Starting with the line that holds "New 2025 Ford", copy out each remaining line of the listing below, up to and including the last one, and include nothing else.

**********

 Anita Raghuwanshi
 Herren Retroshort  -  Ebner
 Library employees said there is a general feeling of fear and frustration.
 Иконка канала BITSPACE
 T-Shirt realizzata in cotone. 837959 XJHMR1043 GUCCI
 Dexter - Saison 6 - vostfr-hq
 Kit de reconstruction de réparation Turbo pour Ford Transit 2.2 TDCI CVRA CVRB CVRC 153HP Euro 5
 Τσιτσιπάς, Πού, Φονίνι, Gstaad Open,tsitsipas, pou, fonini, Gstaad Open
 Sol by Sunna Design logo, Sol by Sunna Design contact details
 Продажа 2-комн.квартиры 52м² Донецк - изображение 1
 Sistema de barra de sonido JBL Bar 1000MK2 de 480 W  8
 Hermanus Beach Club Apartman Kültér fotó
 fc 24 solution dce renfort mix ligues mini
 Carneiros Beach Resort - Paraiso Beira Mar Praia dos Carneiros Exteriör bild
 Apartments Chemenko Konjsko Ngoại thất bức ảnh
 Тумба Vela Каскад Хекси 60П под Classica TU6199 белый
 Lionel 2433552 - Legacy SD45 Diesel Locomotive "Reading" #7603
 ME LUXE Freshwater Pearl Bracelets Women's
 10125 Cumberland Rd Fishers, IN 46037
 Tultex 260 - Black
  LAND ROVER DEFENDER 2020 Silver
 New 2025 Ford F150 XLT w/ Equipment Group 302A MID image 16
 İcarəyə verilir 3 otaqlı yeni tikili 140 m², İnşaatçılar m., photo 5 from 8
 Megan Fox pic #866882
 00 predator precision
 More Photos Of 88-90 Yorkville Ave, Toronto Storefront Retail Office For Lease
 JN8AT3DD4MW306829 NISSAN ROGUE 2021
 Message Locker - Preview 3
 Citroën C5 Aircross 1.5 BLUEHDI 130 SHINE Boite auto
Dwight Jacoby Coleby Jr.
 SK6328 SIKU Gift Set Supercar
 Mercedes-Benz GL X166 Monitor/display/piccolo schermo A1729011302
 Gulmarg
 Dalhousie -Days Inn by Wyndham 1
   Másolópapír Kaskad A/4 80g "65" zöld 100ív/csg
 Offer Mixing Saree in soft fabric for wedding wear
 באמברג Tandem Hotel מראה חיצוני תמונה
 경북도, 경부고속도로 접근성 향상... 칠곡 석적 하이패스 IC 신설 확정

**********

» EXERCISE OUTPUT
 New 2025 Ford F150 XLT w/ Equipment Group 302A MID image 16
 İcarəyə verilir 3 otaqlı yeni tikili 140 m², İnşaatçılar m., photo 5 from 8
 Megan Fox pic #866882
 00 predator precision
 More Photos Of 88-90 Yorkville Ave, Toronto Storefront Retail Office For Lease
 JN8AT3DD4MW306829 NISSAN ROGUE 2021
 Message Locker - Preview 3
 Citroën C5 Aircross 1.5 BLUEHDI 130 SHINE Boite auto
Dwight Jacoby Coleby Jr.
 SK6328 SIKU Gift Set Supercar
 Mercedes-Benz GL X166 Monitor/display/piccolo schermo A1729011302
 Gulmarg
 Dalhousie -Days Inn by Wyndham 1
   Másolópapír Kaskad A/4 80g "65" zöld 100ív/csg
 Offer Mixing Saree in soft fabric for wedding wear
 באמברג Tandem Hotel מראה חיצוני תמונה
 경북도, 경부고속도로 접근성 향상... 칠곡 석적 하이패스 IC 신설 확정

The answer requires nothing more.